Mes yeux me piquent ; si je retiens les mots je vais craquer et c'est bien la dernière chose dont j'ai envie.

- Il y a quelqu'un, devine-t-elle.

- Et je l'aime malgré moi.

- Qui ?

- Tu ne devines toujours pas ?

- Quelqu'un que tu connaissais avant de venir au Paradis ?

- Non. Quelqu'un avec qui je me suis sentie libre. Quelqu'un qui m'a montré la croisée des chemins de l'arbre des possibles.

On dirait que Lahela vient d'apercevoir un fantôme. Elle recule légèrement et me lâche les mains.

- Yanis.

- Oui.

Elle me dévisage un moment, sans un mot.

- Dis quelque chose.

- C'est un démon.

- Mais ça n'avait pas l'air de te déranger qu'on fasse alliance !

- Pour la guerre, Am ! Pour la guerre !

- Il est où le problème Lahela ?

- Ce sont des êtres impurs.

Je suffoque.

- Ils sont mauvais, renchérit-elle.

Je revois Yanis étrangler la nymphe ; son regard fou, qui n'avait plus rien d'humain. Mais était-ce vraiment lui ? Depuis notre arrivée au Paradis Perdu il avait changé, comme si la terre qu'il avait si longtemps rêvé de fouler le rejetait, le tuait peu à peu afin qu'il s'en aille.

- Ils ont des raisons d'en vouloir aux anges, certaines rancunes sont compréhensibles...

C'est alors que me reviennent des souvenirs de Paris, lorsque, sur le bateau-mouche, il avait littéralement sombré dans une colère noire. Je ne pourrais pas dire que Lahela a raison, cependant de nombreux points m'échappent. Cette colère, ces sentiments exacerbés sont difficilement justifiables.

- Peut-être qu'ils sont plus... primitifs ? Mais ils peuvent aussi se montrer généreux et tendres.

- Combien de démons as-tu rencontré sur Terre ?

- Juste lui.

- Il a sûrement dû trouver quelque chose de spécial en toi, suggère-t-elle.

- Oh je vois que vous avez également discuté de ça avec Théo !

- C'était pour te faire comprendre que s'il a vu de l'intérêt à être sympa avec toi...

- Tu penses qu'il a fait le lèche-cul ? Non mais je rêve ! Tu étais dans la confidence, avec Théo.
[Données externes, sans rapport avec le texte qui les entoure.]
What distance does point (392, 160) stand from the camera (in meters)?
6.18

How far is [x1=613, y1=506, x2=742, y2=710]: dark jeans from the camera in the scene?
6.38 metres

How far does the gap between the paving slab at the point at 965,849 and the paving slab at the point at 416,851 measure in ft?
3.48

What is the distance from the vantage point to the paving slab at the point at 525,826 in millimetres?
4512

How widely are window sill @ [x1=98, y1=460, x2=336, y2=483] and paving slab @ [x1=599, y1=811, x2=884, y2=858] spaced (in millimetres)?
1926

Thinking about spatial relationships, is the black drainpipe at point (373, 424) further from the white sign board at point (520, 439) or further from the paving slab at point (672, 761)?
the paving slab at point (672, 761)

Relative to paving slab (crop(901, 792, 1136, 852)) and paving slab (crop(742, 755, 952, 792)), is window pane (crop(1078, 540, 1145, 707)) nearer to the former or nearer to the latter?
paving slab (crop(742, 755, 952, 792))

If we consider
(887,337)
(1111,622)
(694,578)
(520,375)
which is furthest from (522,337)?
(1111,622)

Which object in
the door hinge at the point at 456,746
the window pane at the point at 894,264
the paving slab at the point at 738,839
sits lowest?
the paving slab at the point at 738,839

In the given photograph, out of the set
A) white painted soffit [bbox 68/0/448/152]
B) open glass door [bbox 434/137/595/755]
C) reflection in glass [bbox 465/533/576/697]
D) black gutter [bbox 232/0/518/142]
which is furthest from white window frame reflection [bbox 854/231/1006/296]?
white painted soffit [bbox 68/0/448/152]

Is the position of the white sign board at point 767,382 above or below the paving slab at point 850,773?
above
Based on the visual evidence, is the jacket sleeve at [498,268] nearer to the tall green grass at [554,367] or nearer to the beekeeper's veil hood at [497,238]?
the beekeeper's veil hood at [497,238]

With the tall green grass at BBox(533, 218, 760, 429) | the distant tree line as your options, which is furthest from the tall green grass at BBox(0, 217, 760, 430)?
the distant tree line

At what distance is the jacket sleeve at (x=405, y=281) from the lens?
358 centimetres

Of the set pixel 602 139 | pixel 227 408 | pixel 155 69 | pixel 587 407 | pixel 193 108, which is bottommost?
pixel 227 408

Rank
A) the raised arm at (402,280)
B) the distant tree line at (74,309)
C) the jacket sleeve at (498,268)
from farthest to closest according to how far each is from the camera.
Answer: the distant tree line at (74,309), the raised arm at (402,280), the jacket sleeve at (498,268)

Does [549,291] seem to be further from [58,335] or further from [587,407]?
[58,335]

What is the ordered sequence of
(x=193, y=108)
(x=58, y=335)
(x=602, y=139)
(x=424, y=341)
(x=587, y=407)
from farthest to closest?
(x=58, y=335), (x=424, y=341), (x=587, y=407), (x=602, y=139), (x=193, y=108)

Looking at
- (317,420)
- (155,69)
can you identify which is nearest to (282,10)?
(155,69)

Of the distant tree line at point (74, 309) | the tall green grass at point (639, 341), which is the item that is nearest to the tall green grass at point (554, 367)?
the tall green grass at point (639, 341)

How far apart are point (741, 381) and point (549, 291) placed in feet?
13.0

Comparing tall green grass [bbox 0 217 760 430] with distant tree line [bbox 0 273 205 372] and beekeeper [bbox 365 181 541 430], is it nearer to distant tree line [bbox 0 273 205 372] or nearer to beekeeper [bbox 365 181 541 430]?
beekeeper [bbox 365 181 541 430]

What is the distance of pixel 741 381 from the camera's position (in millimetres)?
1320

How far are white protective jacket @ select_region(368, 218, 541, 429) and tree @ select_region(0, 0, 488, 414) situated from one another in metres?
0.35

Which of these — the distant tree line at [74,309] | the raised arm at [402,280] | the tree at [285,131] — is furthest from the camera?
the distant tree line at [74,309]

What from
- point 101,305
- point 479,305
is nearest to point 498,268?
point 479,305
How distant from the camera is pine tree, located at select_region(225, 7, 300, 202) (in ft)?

Vous m'aviez confié à lui !

- Il était persuadé que Yanis ne te ferait aucun mal et on n'avait aucune autre option. De toute façon on pensait qu'il... que son cœur était déjà pris. T'imagines pas ce que ça lui a coûté de devoir te placer sous sa responsabilité !

- Pourquoi tu les détestes autant ? Et qu'est-ce que tu insinues à propos des sentiments de Yanis ?

Lahela se fige un moment puis reprend peu à peu ses esprits.

- Rien, lâche-t-elle. On a assez parlé, ça suffit. Fais part à Théo de ton idée pour l'alliance.

Sur-ce elle se lève brusquement et s'en va d'un pas rapide, me laissant seule sur la terrasse du café.

Et lui, est-ce qu'il me déteste ? Il m'a appris que n'importe quel objet pourrait s'avérer utile pour ma défense, même une simple pierre... et c'est avec ça que je l'ai frappé, voire achevé.

Non, dit la petite voix dans ma tête. Il n'est pas mort. Il est quelque part et bientôt nous nous reverrons.